Southeast Asia Newsletter - July 2017
Media discussion and dialog with Water.org:
The close connection between clean water, sanitation and poverty
Water.org hosted a media session in May 2017 in Malang, East Java entitled “Media Workshop and Dialog with Water.org: The Role of the Media in Access to Safe, Clean Water and Healthy Sanitation in Indonesia”. During this session, participants discussed the low level of community awareness that currently exists in Indonesia concerning open defecation, despite the assistance given to build several toilets.
Ira, a journalist with the Malang Pos, said, “Usually we are only interested in water, sanitation and hygiene (WASH) issues when they involve victims in cases like diarrhea, floods and the water crisis, as well as demonstrations from Regional Drinking Water Company (PDAM) subscribers over tariff hikes.

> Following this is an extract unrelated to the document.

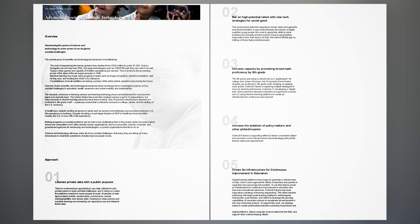Approach 1: Liberate private data with a public purpose. There is a tremendous opportunity to use data collected by the private sector to solve societal challenges, and in doing so create the platforms needed to reach people at scale. Examples of data types include mobile, social media, e-commerce, remote sensing, satellite, and sensor data. Advances in data science and machine learning are increasing our capacity to use and interpret these data.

Now there is credit for toilets, credit for water, and stories about PDAM that are different.”
The discussion and dialog provided an understanding and a new awareness about the management of water and sanitation in Indonesia, with several sources putting forward innovative solutions to the problem. Ratih Hardjono, an adviser to the Water.org Indonesia Advocacy Program, hopes the discussion will enrich the work of journalists by providing them with clear and more objective information.
“The role of the media is very important when it comes to providing an understanding of this problem. Clean water and poor sanitation in the community are identified with poverty. This is both a serious and a basic matter for the country. The media can play a key role in advocating for this issue to all parties; not only to the community, but also to decision makers,” explained Ratih, a former senior journalist with Kompas, an influential national daily in Indonesia.

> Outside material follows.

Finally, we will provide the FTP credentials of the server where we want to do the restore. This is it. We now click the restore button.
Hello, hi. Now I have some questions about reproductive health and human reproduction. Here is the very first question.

Ratih added that the media could maximize its role as an agent of change by broadening the minds of the public about the significance of access to clean water and sanitation, which represents the right of every person.
Around 60 journalists from West Java, Central Java and East Java have now participated in the activities with Water.org, which will be followed by training, a writing workshop and competition for journalists. (Musfarayani/Water.org Indonesia)

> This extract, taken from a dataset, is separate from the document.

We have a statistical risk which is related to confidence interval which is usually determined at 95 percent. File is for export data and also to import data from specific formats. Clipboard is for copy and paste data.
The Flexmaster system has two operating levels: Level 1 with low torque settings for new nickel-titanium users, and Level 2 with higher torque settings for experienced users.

Rosalinda learns about the safety and convenience a toilet brings
Rosalinda Silebio is a 51 year old member of NWFT’s Project Dungganon who resides at Brgy. Lukap, Canlaon City. Her three children live with her and they have a small sugarcane plantation as their source of living.
She and her family live in on a small house on their sugarcane plantation. At the time of construction, they did not consider building a toilet since they ran out of budget and thought they would defecate in the plantation.
During the year they used their sugarcane plantation for defecating, they experienced stepping on feces when they were cultivating the sugarcane. During this time she realized that defecating in sugarcane plantation is not easy- they had to wait for the evening to defecate so other people don’t see them. During rainy days, they waited for the rain to stop to defecate.
In one of their center meetings, Green Product Staff came over to educate and offer WASH products. At the following center meeting, she asked the loan officer how she could avail a WASH loan. She then applied for a loan and when it was released, their toilet was constructed immediately. Currently, Rosalinda and her family enjoy the convenience and safety that their sanitary toilet provides.
The benefits of a toilet outweigh Emy’s hesitation to add to their monthly payments
Emy Alom is a 35 year old member of Project Dungganon. She lives with her husband and four children in Sitio Batilo Brgy. Pook, Hinobaan, Negros Occidental. Their house is made of woven bamboo and they don’t haven’t had a toilet since they were married. They used the bushes near their house as a cover when defecating. They felt uncomfortable defecating outside and felt unsafe for their daughters when defecating at night. They wanted to have toilet but they have no enough funds to finance the construction.
During their center meeting, their loan officer announced that there was a new loan product that is being offered for sanitary toilets, water filters, and water connections. She shared the information with her husband when she returned home, but they both decided not to avail the loan in order to save money.
As the days progressed, Emy’s desire for a sanitation loan grew but the idea of additional weekly payments held her back. A few weeks later, she was still thinking of the safety of their daughters and the inconvenience of defecating openly. Again, she talked to her husband, and convinced him that they needed the loan. Her husband agreed that the benefit outweighed the cost, and they decided to seek out the loan from NWFT. Emy applied for a sanitation loan amounting to PHP 10,000 at the very next center meeting.
Today, Emy and her family enjoy the benefits of their sanitary toilet and is proud that she could provide safety for her daughters.